Image from Flickr by Carol. Licensed under the Creative Commons.

The Welsh Government consulted on proposals for a roads and street works strategy for Wales between 7 December 2015 and 28 February 2016. The Cabinet Secretary for Economy and Infrastructure will make a Plenary statement on 28 June 2016 on Welsh Government plans for the strategy. This post explains what road and street works are, and looks at some recent criticisms of the current approach to their management in Wales.

What is the difference between road and street works?

“Road works” are carried out by highway authorities to repair, maintain or replace highways. In Wales the Welsh Government is the highway authority for the trunk road and motorway network, while local authorities are the highways authority for the local road network.

“Street works” are carried out either by “statutory undertakers”, who have a statutory right to work on the highway, or “licencees” under the New Roads and Street Works Act 1991 (NRSWA) who can carry out works under a licence issued by the “street authority” – usually the highway authority. Most utility companies are statutory undertakers and have the right to install and maintain their equipment on or under the street.

What legislation governs arrangements for road and street works?

In England and Wales road and street works are controlled by the NRSWA and the Traffic Management Act 2004 (TMA).

The NRSWA, and associated Regulations and codes of practice, establishes a legislative framework for those undertaking road and street works. It places a duty on street authorities to co-ordinate all works on the highway, and also on undertakers to co-operate.

The TMA provides additional powers to reduce congestion, including placing a duty on “local traffic authorities” to manage their road network to ensure traffic can move freely. It also allows for the introduction of permit schemes for road and street works and enhanced powers for local highway authorities to direct when works are carried out.

Why is a road and street works strategy needed?

The Welsh Government’s consultation document notes that while the NRSWA and TMA improved management road and street works “the incidence of congestion due to over running or conflicting works is still greater than we would like”.

In 2011 the Auditor General for Wales published a report on Major Transport Projects. In considering “whether recently completed major transport projects in Wales have met their objectives and were delivered to time and cost” he concluded:

“The successful delivery of major transport projects requires effective working relationships between all the parties involved. Relationships with utility companies have been problematic at times, contributing to delays and rising project costs, and there is little incentive for utility companies to undertake work in a way that is cost-effective or timely from the perspective of the public sector employer.”

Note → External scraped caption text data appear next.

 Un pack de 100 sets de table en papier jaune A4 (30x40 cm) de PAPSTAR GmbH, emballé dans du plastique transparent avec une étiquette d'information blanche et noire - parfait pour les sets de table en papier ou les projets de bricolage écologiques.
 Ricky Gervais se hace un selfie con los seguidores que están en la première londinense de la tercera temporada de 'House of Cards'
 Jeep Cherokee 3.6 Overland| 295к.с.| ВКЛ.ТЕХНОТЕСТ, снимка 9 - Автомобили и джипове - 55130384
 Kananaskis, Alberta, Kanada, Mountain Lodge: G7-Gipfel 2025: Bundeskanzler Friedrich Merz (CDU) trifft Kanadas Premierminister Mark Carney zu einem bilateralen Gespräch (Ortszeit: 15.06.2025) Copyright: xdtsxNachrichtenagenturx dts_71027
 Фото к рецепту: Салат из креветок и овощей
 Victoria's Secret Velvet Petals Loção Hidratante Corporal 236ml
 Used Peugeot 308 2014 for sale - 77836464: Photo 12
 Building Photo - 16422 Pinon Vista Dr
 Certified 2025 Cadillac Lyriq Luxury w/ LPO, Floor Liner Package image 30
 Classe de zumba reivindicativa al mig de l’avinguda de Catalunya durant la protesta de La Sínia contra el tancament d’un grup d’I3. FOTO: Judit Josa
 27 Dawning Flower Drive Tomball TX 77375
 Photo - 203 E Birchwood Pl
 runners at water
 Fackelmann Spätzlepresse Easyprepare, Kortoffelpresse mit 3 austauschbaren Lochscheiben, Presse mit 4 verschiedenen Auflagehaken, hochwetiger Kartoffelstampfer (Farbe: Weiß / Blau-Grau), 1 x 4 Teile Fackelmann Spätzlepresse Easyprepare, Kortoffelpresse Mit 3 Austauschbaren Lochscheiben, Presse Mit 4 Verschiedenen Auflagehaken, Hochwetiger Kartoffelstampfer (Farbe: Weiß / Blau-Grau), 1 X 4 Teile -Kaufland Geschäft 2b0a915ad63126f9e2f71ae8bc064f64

The Auditor General identified a number of issues including the fact that:

  • There is poor communication and lack of government influence over utility company priorities despite the existence of a Welsh Highway Authorities and Utilities Committee (WHAUC);
  • UK and Welsh Government good practice guidance focused on minimising disruption to highway users and communities rather than the impact of poor co-ordination and communication on major projects;
  • Welsh Government officials reported that legislation relies too much on goodwill of utility companies, and offers little incentive to utility companies to complete their work;
  • There is a lack of information from utility companies on timing for works, and cost increases for utility work after the detailed design stage were also identified.

The Auditor General recommended that the Welsh Government:

“engage with local government and the utility companies to develop some clearly agreed principles in terms of how they should work together throughout the lifecycle of major transport projects.”

The Public Accounts Committee (PAC) in the Fourth Assembly reported on its inquiry into value for money of Motorway and Trunk Road Investment in June 2015. While some evidence suggested there had been improvements in recent years, other evidence suggested that difficulties arose from failure to involve utility companies early in scheme development.

While the Welsh Government told the Committee about the actions it had taken, the Committee noted that the “street works strategy was still in development four years after the Auditor General’s 2011 report”, and “during oral evidence the Welsh Government was unable to explain why work on this appeared to be delayed and why the strategy was not yet complete”.

The then Director General for Economy, Science and Transport later wrote to the Committee to explain that “a comprehensive strategy has…been developed rather than individual protocols, in order to achieve wider objectives such as reduced congestion and improved journey time reliability”. However, the Committee expressed concern about the time involved, and whether the strategy would ultimately cover major transport project issues.

The Committee also raised concerns about the management and co-ordination of road works. The report concluded:

“The Committee is concerned that some evidence we have received suggests there is greater work to be done in Wales in terms of providing information and accurate communication of road works.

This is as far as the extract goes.